时间:2017-05-02 16:24:25

标签: ios swift3 text-to-speech speech-to-text

我必须忽略某些东西,但是当我尝试在Swift中组合语音合成和语音识别时,我得到了错误的结果(“无法获取属性'LocalURL':错误域= MobileAssetError代码= 1”无法复制资产属性“UserInfo = {NSDescription =无法复制资产属性}”,最终的结果是,之后我能够对文本进行语音处理,但文本到语音会被破坏,直到应用程序重新启动。

let identifier = "\(Locale.current.languageCode!)_\(Locale.current.regionCode!)" // e.g. en-US
speechRecognizer = SFSpeechRecognizer(locale: Locale.init(identifier: identifier))!

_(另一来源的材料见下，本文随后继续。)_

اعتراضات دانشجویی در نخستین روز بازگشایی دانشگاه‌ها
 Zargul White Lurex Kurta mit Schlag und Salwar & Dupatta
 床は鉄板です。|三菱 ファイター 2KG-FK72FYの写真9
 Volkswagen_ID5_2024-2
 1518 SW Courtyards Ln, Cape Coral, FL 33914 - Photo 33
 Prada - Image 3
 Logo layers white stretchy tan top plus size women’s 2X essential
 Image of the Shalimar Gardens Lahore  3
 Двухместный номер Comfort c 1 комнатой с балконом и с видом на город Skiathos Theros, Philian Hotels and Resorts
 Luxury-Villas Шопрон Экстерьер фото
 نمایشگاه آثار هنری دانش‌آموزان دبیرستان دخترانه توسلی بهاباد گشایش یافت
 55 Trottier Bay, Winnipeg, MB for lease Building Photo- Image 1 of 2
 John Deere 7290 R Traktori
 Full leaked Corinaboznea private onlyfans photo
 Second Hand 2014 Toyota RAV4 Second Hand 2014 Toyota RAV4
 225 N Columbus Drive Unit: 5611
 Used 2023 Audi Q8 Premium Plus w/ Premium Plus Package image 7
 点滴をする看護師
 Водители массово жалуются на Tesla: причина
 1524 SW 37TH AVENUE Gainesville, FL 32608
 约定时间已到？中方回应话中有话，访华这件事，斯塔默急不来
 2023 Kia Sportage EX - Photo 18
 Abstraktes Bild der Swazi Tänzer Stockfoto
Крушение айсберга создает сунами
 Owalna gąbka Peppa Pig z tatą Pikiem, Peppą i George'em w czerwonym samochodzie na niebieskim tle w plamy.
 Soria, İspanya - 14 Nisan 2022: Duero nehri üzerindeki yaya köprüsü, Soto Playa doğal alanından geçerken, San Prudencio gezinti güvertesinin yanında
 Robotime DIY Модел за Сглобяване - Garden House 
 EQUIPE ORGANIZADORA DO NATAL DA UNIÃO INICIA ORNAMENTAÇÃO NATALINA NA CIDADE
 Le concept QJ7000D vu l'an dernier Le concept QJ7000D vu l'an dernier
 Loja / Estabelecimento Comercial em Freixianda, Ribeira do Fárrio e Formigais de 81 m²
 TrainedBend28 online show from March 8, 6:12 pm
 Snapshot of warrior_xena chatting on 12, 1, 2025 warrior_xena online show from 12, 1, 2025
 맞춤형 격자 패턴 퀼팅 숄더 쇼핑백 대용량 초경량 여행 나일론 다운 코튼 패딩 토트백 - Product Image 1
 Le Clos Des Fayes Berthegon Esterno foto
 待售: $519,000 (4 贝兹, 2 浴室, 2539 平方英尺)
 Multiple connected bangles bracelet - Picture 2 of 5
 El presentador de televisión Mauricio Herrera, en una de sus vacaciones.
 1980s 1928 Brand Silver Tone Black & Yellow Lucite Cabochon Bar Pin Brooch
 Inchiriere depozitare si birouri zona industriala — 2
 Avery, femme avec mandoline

if audioEngine.isRunning {
    audioEngine.stop() // will also stop playing music.
    recognitionRequest?.endAudio()
    speechButton.isEnabled = false
} else {
    recordSpeech() // here we do steps 1 .. 12
}

// recordSpeech() :

if recognitionTask != nil {  // Step 1
    recognitionTask?.cancel()
    recognitionTask = nil
}

let audioSession = AVAudioSession.sharedInstance()  // Step 2
do {
    try audioSession.setCategory(AVAudioSessionCategoryRecord)
    try audioSession.setMode(AVAudioSessionModeMeasurement)
    try audioSession.setActive(true, with: .notifyOthersOnDeactivation)
} catch {
    print("audioSession properties weren't set because of an error.")
}

recognitionRequest = SFSpeechAudioBufferRecognitionRequest()  // Step 3

guard let inputNode = audioEngine.inputNode else {
    fatalError("Audio engine has no input node")
}  // Step 4

guard let recognitionRequest = recognitionRequest else {
    fatalError("Unable to create an SFSpeechAudioBufferRecognitionRequest object")
} // Step 5

recognitionRequest.shouldReportPartialResults = true  // Step 6

recognitionTask = speechRecognizer.recognitionTask(with: recognitionRequest, resultHandler: { (result, error) in  // Step 7

    var isFinal = false  // Step 8

    if result != nil {

        print(result?.bestTranscription.formattedString as Any)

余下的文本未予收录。